Ciononostante, l'umore nelle file
delle Ybs è a dir poco eccellente. Il comandante, un
uomo con gli occhiali e la kefiah sul capo, non smette
di scherzare sulle diverse origini nazionali dei suoi compagni: come sempre –
ma in una forma mai offensiva – a farne le spese maggiori sono i militanti
arabi, bersagli dei più frequenti scherzi (ridere bonariamente dei compagni
arabi, provenienti da una popolazione “cattiva” e numerosa, tradizionalmente
coinvolta in fenomeni di oppressione verso minoranze mediorientali, sembra
avere nelle file della guerriglia una funzione politica importante: da un lato
di ammonizione permanente, sebbene nascosta, della cultura nazionalista araba e
dei suoi lati più oscuri; dall'altro di sfogo catartico, nello scherzo, della
tensione che opprime la psicologia degli arabi, come dei loro vicini, in questi
anni pesanti).
Della brigata fa parte anche Serhildan, giovane azero: la sua
popolazione è turcofona, ma vive fuori
dai confini della Turchia, nell'Azerbaigian, tra la Georgia e l'Armenia,
a nord dell'Iran. “Il mio paese faceva parte dell'Urss,
ma se ne è staccato dopo gli eventi del 1991. Io sono
sempre stato socialista, ho sempre letto e apprezzato Marx e Lenin, ma quando
ho letto Öcalan, per me è stata
un'illuminazione: otto mesi fa mi sono unito al Pkk,
poi sono stato inquadrato nelle Ybs”. La pluralità
culturale delle unità di guerriglia, dove accanto ai militanti curdi (del Pkk) e ezidi (nelle Ybs)
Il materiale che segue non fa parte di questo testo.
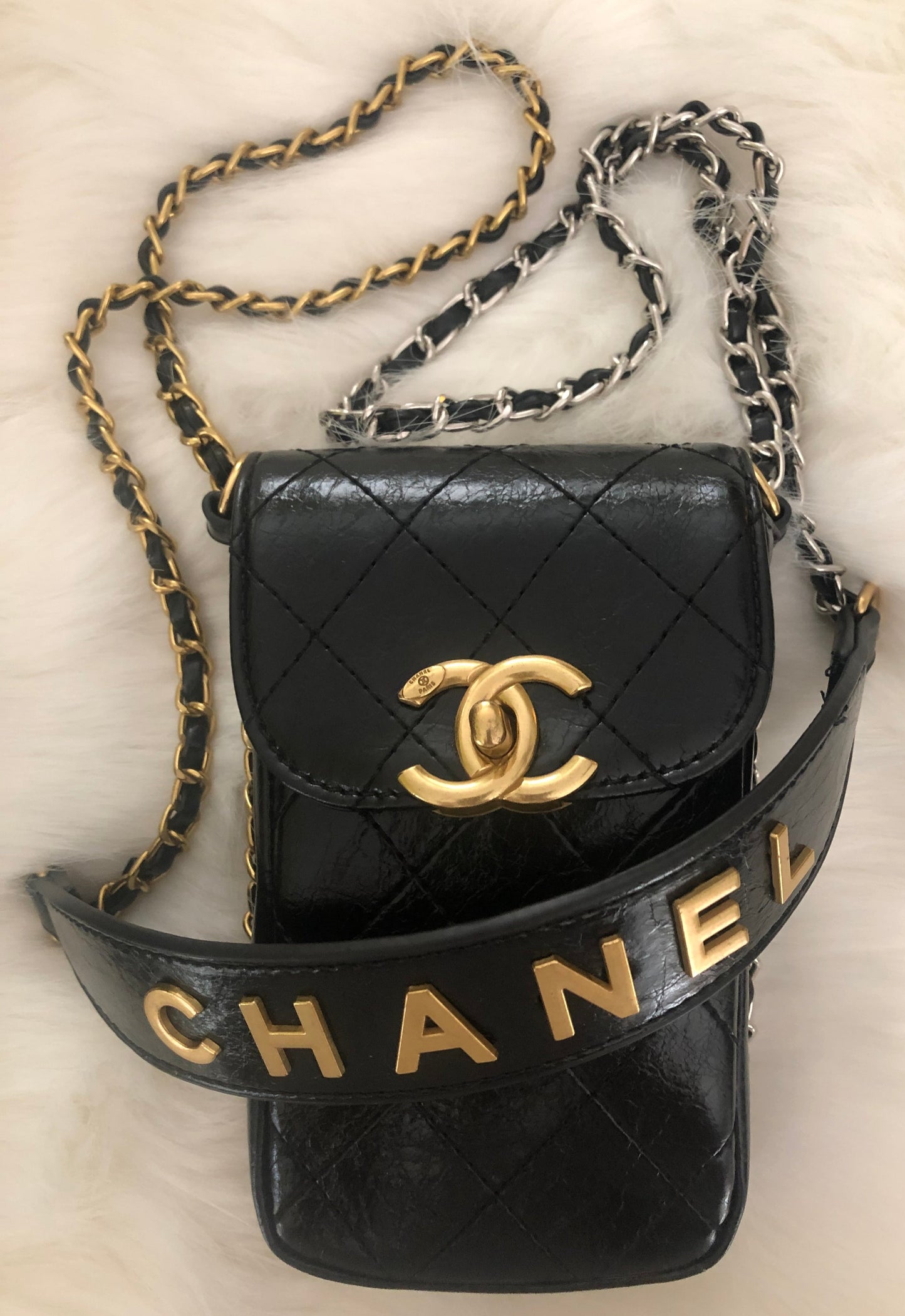 CC VIP Gift Multi Pochette Phone Bag with Tweed Coin Pouch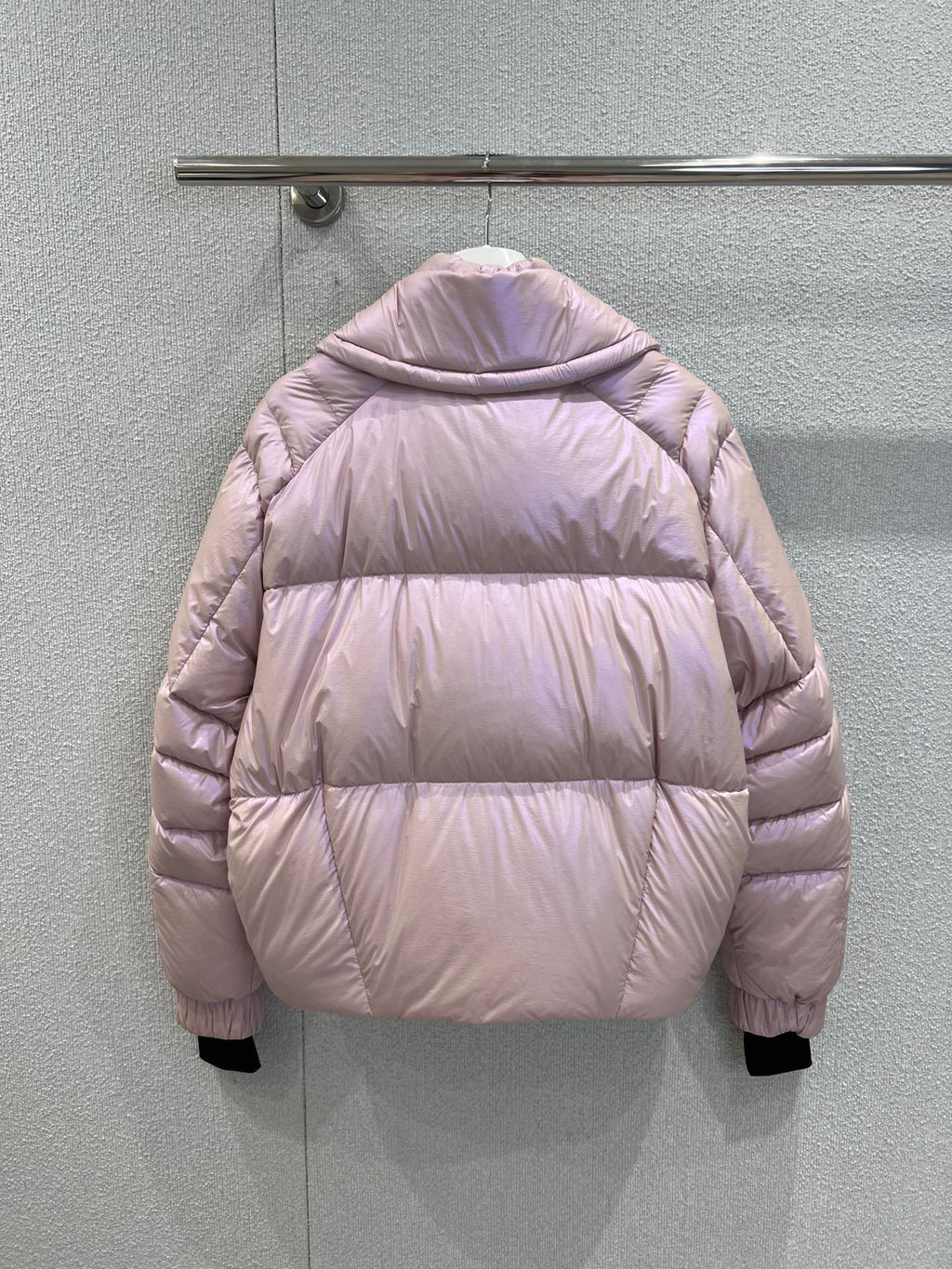 MONCLER 25S DOWN JACKET 297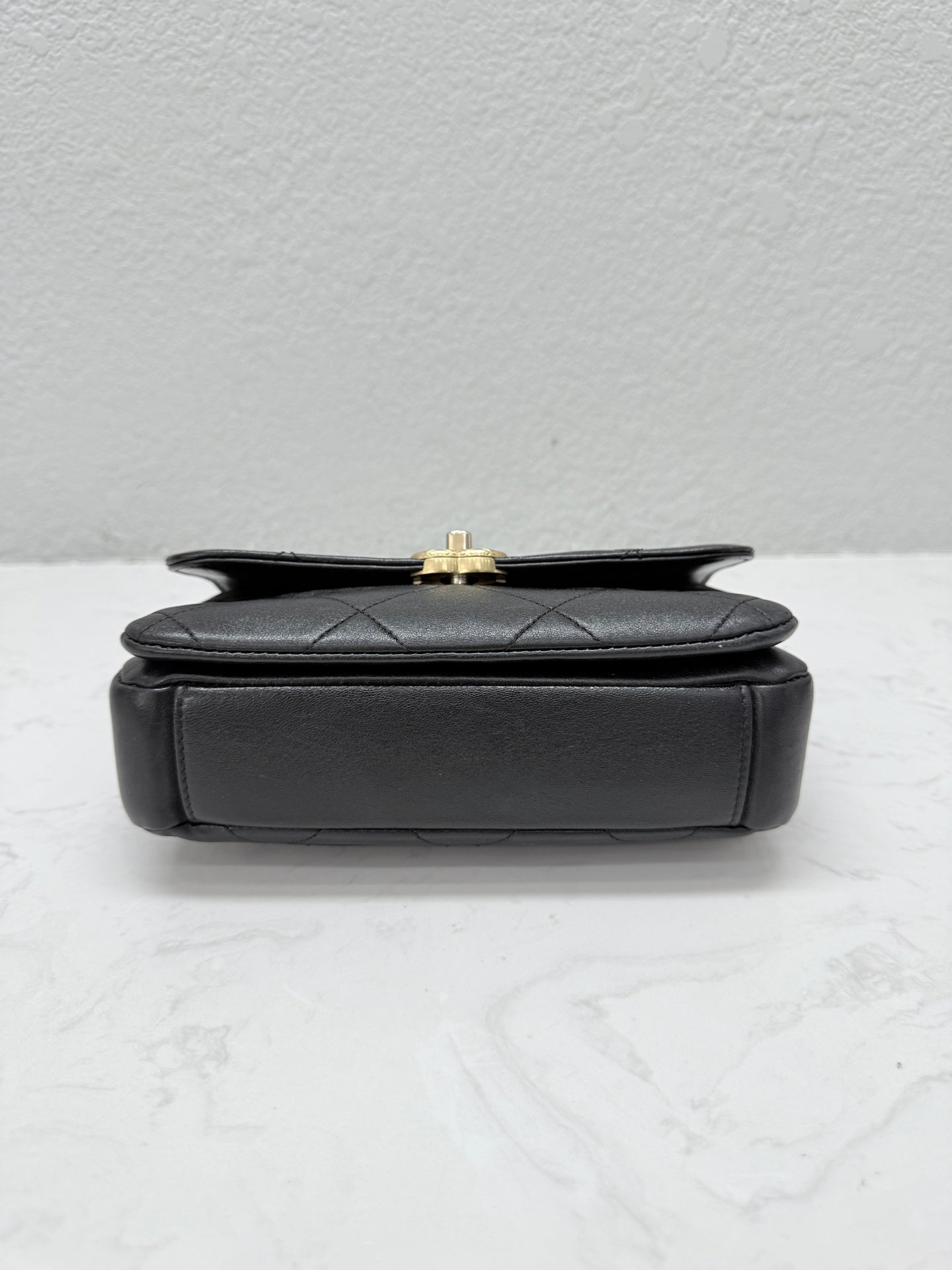 Chanel - Classic Mini Flap Bag - Lambskin leather - Black - (mini)
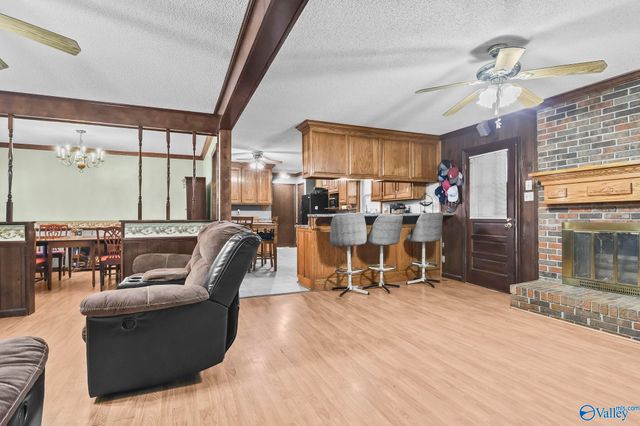 128 Hillside Drive, Huntsville, AL 35811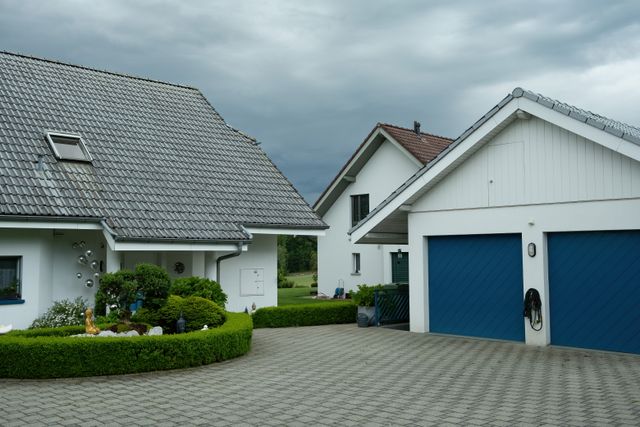 How to Perform a 10-Minute Annual Garage Door Safety Inspection?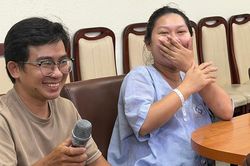 Thai phụ vỡ &ograve;a hạnh ph&uacute;c khi được chồng n&oacute;i lời y&ecirc;u thương tại bệnh viện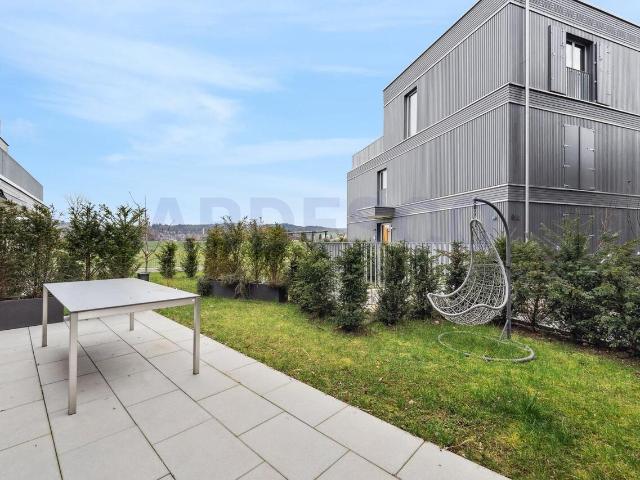 Designer Wohnung mit Garten & Hobbyraum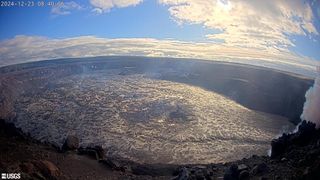 A panorama of the erupting Kilauea volcano inside the Halemaʻumaʻu crater.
combattono giovani di tutte le provenienze, è uno degli antidoti che il
movimento armato usa contro il nazionalismo particolaristico o la degenerazione
identitaria, che potrebbero altrimenti dilagare sotto
la pressione delle situazioni di guerra. Serhildan dice di aver trovato, nel pensiero del comandante curdo, una critica del sistema sovietico priva di
cedimenti alle ideologia capitaliste, oltre che un programma credibile per una
nuova formula di convivenza in medio oriente. Saluta dicendo
che, quando ci sarà il comunismo e potrà uscire dalla clandestinità, aggiungerà
i compagni di Infoaut e Radio Onda d'Urto su facebook.
Mahmud, cecchino momentaneamente prestato al ruolo di autista,
ci carica su un altro mezzo e ci conduce ancora oltre, ormai nel cuore della
notte, in aree montuose di cui ci sfugge completamente la collocazione e la
geografia. Non tiene a far mistero delle sue doti di soldato. Originario del Bakur, ha partecipato alla resistenza del quartiere Sur, a Diyarbakir, in Turchia, nelle file delle Yps (unità di protezione civile) e alla conquista di Singal, dove dice di aver ucciso dieci miliziani dello
stato islamico, nelle file delle Ybs. La sua visione
politica è quella del militante tutto d'un pezzo,
abituato alla pratica della guerra e alla purezza della vita semplice della
guerriglia: da una parte ci sono Turchia, il Pdk e Daesh; dall'altra Pkk, Ybs e Ypg. Fine della storia. Non
esita ad affermare che, in generale, tende a fidarsi solo dei curdi, e neanche di tutti. Per lui i peshmerga
sono un tutt'uno con l'Is,
li accusa di avere venduto Singal e di essere amici di Erdoðan (“il nuovo Hitler”); ne parla con totale
disprezzo. Ne ha anche per i suoi compagni ezidi: “Quella gente mi sembra un po' tonta a volte: ancora
con queste favole sull'esistenza di Dio, ancora con questa barbarie delle
differenze tra l'uomo e la donna...”.
Ferma il mezzo all'improvviso,
nel buio più fitto, e ci mostra una distesa luminosa poco distante. “Foto”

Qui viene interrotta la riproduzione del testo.